The charges stem from an incident on the morning of Nov. 25 when Dunzik who had a rifle, allegedly yelled at the men to get off her land. The commonwealth filed a motion to revoke her bail due to a second incident and her hearing was held during a session of motions court.
Dave Anderson testified that he was one of the loggers working with Walker Lumber when Dunzik approached them on Nov. 25. He said he was working with some others on that same land when she approached him on Dec. 26. She told him he was trespassing and showed him a paper from 1995 that supposedly proved she had purchased the land from her brothers.
“Did you stop?” asked First Assistant District Attorney Beau Grove.
Anderson said they did stop working because “the last time she had a gun with her.” He added that they haven’t been back to that site.
During cross examination by Dunzik’s attorney, David Mason, Anderson said she did not threaten them that day, but she did yell at them, telling them to get out.
Mason also asked if they talked about hunting.

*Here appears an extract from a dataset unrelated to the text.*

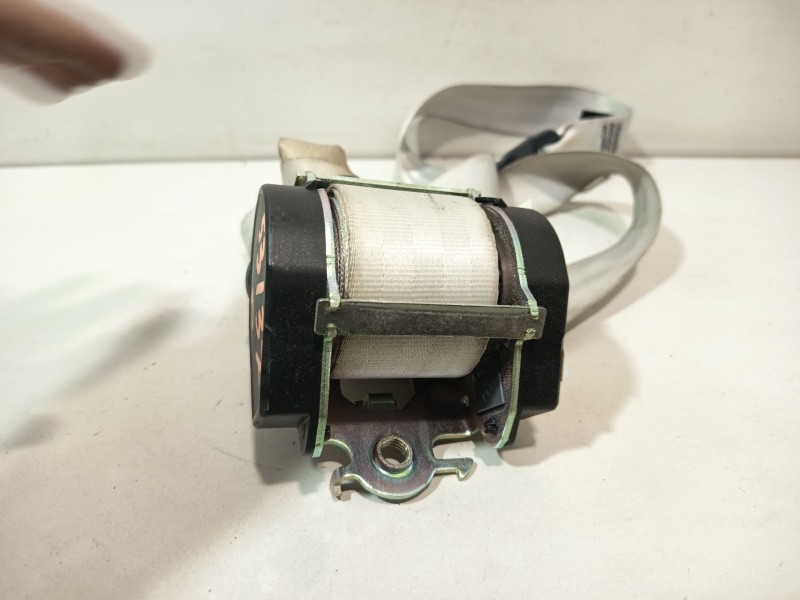 Recambio de cinturon seguridad trasero derecho para dacia sandero (bs_) 1.2 16v referencia OEM IAM 8200751262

Anderson replied yes and added that she commented that she didn’t have a gun because her guns were taken away from her after the other incident.
The defense called Dunzik as their only witness.
She testified that her dog was barking on Dec. 26 and then took off running from her home. She went after it and saw the men working. She talked with them about hunting and she agreed she said she didn’t have any guns because “that little bastard said I pointed a gun at him.”
While talking to Anderson she did ask his name, which she wrote on a piece of paper. She denied telling him to leave and showing him any paper regarding a sale in 1995. She claimed she purchased the property in the 1970’s.
Judge Fredric J. Ammerman asked her if she told them she bought the property in 1974. She said yes. Ammerman reminded her that in a previous civil case he ruled that she was not the owner of that property. There is also a pending civil action to remove her, her husband and their cows from the property, he said.
Mason in his closing arguments stated that she was not harassing Anderson but was simply retrieving her dog. It was one of the conditions of her bail that she not have contact with any of the employees of Walker Lumber, but Mason pointed out that Anderson is a contractor and not an employee of that company.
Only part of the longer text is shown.